Just an update and need to vent.


I have so much anxiety and depression all the time now. It just follows me everywhere. I really think this whole life is pointless and just wish a plague wiped out the earth so I don't have to deal with this **** we call society. The sad part is, it's not even that my life is that bad. I go to school, have a roof over my head, etc. But I have SO much anxiety and just feel like a piece of dirt with no meaning or purpose.


I'm trying to make friends and be social because I realize my depression and anxiety gets worse when I'm sitting in my room alone all day (currently in my room alone! what fun!!)


I used to hang out with this one kid all the time when I was little, and I really like him as a person and hes super fun to be around. And when we are together, we always seem to laugh and I always have a good time. But for the past years, we only really talk in school and never hang out or stay in touch.
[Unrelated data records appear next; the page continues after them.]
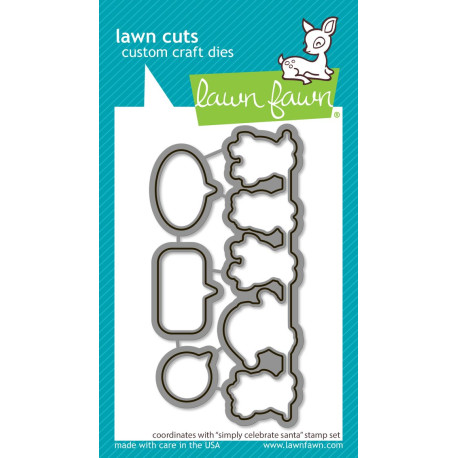 LAWN FAWN Simply Celebrate Santa Cuts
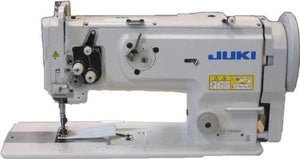 Juki LU-1508NS Single Needle Unison Feed Lock Stitch Machine with Vertical-axis Large Hook Includes Table and Servo Motor (Table Comes Assembled)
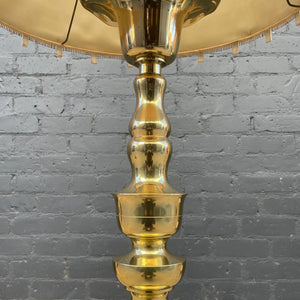 Vintage Mid-Century Modern Monumental Polished Brass Floor Lamp, c.1960’s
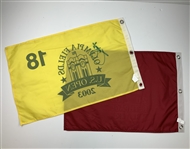 Furyk & Glover Signed US Open Flags JSA ALOA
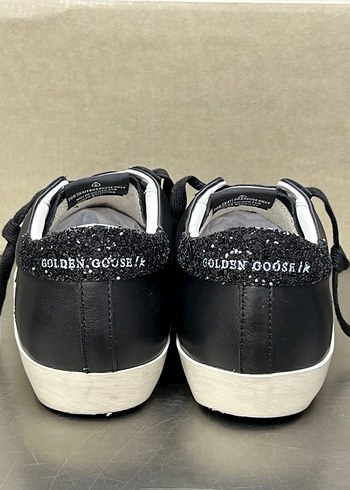 GOLDEN GOOSE Parlak Siyah Leopar Desenli Kadın Spor Ayakkabı - Görsel 3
I've been trying to text and snapchat him, but he rarely answers and seems like he doesn't really care about me. I really want to hang out with him and do normal teenager things but I just can't seem to do it. I keep trying but It doesn't work. Besides, why would he ever want to hang with me? He has millions of better people to be around.. I'm worthless....


For those of you going to recommend to make other friends, I have plenty of friends INSIDE school but I don't feel comfortable hanging out with them outside of school, they just don't get me. But I KNOW this one kid does, be he just ignores me now.